On the morning of June 8, 1983, Kimberly Mileo, just days shy of turning 21, had gone swimming with girlfriends. She then spent much of the day with her boyfriend, Hudson.

She was a diminutive woman -- less than 5 feet tall and weighing less than 100 pounds. After graduating from Frederick Douglass High School in Upper Marlboro, she took a job at Bloomingdale's at White Flint Mall in Montgomery County.

When she didn't return home the next morning after swimming, Mileo's father called Hudson, who said she had left his family's home in Croom about 2:30 a.m.

Two days after the disappearance, as a police investigation began, Mileo's car, a 1972 Chevy Vega, was found by Hudson's brothers locked and abandoned on a secluded stretch of Croom Road, about 12 miles from the Hudson house.

Inside the vehicle, police found a purse, wallet and a yellow flip-flop sandal.
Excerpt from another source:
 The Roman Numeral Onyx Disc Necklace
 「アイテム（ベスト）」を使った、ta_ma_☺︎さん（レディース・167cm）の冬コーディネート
They also found the single rose.

Investigators questioned Hudson and his younger brothers for hours. Hudson failed a lie-detector test, and the family hired an attorney. The attorney advised him not to talk further to police.

The disappearance of Mileo triggered a massive search for her body throughout the southern county, which involved hundreds of local volunteers, police officers, divers and a helicopter with heat-sensitive devices.

Months into the investigation, police publicly released an FBI psychological profile, which theorized that the unknown offender may be feeling intense guilt because he did not mean to kill Mileo.

During this time, Hudson began finding a single rose under his windshield wiper at random times.

The Hudson family suspected police officers of a psychological ploy. Hudson's father claimed he was injured in an encounter with police at his business, Penn Dower Petroleum in Upper Marlboro. Both the elder Hudson and the police officer sued, with both cases eventually getting tossed.

Mileo's case simmered for years. A Prince George's County grand jury was convened to look into it in 1997. Witnesses, including Hudson and his family, were interviewed. No charges followed.

Hudson, now 54, lives in Calvert County in a ramshackle one-story home at the end of a dirt road, about 15 miles from where he last saw Mileo. In an interview last week, he said he didn't kill his girlfriend. He said he, too, wants the case solved and noted police now have his DNA after he was convicted of a felony drug charge in 2007. He theorized Mileo was killed by someone who lives near where her car was found.

"I do think about her," Hudson said. "It makes me sad to think that someone's life would be taken by another human being. It's a shame."